Four Passes and Dead Quads – Sierra High Route – Day 3

Today started by heading straight up to White Pass. I followed the Cartridge South Fork that I camped next to last night. This start was another case of everything looking very close on a map, but still taking hours to get there. I was about 1.5 miles by crow to the top of White Pass from where I camped last night, but it still took an hour an a half to get to the top.

Things Hurt

It is rough going. My quads feel like they are being ripped apart. No pain in my calves, though, which is where I normally get sore first. I think it’s because this route is more like going straight up and down huge stairs, which uses more quads, and less like going up and down an incline, which uses more calves.

Meeting Another SHR Hiker

South of White Pass. Which chute looks safest to you?

Before White Pass there is a dropoff with a series of chutes, which you can see if you look closely at the photo above. I was contemplating which chute looked the safest when I saw someone deftly come down one on right.

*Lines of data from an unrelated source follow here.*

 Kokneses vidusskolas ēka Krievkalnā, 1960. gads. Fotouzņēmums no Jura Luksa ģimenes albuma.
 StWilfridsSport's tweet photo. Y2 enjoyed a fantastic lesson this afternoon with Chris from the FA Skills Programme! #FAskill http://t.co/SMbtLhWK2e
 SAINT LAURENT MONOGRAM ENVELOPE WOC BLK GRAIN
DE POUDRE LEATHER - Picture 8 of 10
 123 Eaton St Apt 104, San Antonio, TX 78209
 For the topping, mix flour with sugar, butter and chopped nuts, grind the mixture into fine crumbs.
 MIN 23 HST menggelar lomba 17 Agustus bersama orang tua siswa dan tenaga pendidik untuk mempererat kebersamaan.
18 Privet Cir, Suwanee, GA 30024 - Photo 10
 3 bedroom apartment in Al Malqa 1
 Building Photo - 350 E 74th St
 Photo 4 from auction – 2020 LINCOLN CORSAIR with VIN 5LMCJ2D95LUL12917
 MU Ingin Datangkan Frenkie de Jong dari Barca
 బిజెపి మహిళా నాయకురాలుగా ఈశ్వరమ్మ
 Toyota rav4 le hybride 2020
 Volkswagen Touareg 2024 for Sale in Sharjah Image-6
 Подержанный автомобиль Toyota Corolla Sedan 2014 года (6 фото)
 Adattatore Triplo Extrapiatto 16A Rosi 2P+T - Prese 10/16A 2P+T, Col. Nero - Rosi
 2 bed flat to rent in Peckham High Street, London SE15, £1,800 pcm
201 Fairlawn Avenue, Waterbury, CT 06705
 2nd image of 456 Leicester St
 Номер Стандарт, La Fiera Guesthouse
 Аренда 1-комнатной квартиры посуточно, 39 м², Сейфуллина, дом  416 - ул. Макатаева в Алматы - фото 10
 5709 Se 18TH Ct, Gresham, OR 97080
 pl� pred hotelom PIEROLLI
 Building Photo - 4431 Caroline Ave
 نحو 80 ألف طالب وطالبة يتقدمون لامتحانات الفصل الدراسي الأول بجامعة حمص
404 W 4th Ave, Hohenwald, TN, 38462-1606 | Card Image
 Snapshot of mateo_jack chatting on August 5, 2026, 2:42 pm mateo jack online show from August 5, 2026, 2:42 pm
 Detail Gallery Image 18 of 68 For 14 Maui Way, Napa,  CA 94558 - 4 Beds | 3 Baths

Fellow Sierra High Route hiker, Gerald!

My first southbound fellow Sierra High Route hiker! His name is Gerald and he is from Germany. It was fun stopping to talk to someone for a bit (not too long, though, gotta make those miles). He gave me a friendly ribbing for carrying too much water (one liter with capacity for 2.25 liters) and for treating my water. I got Giardia on the JMT last year, so I definitely treat my water. That was terrible enough with a friend to help me (so. much. poop.), I can’t image getting Giardia out here alone and isolated. It would be so convenient, though, to not have to stop and treat my water and just be able to top up a little bottle at every stream.

White Pass to Red Pass

I love glissading.

From White Pass it was a rocky circumnavigation around to Red Pass. I thought I would like these route-finding bits more, but I am finding that I am way overthinking them. I am constantly thinking “Is this the fastest route?” and “I’m I doing this, right?” My quads hurt so much and my shoulders are sore from still carrying nine-plus days of food. I am beating myself up every time I don’t take the most efficient route and end up doing any extra feet of elevation change. I don’t want to feel this way. I want to be carefree and just enjoy the adventure.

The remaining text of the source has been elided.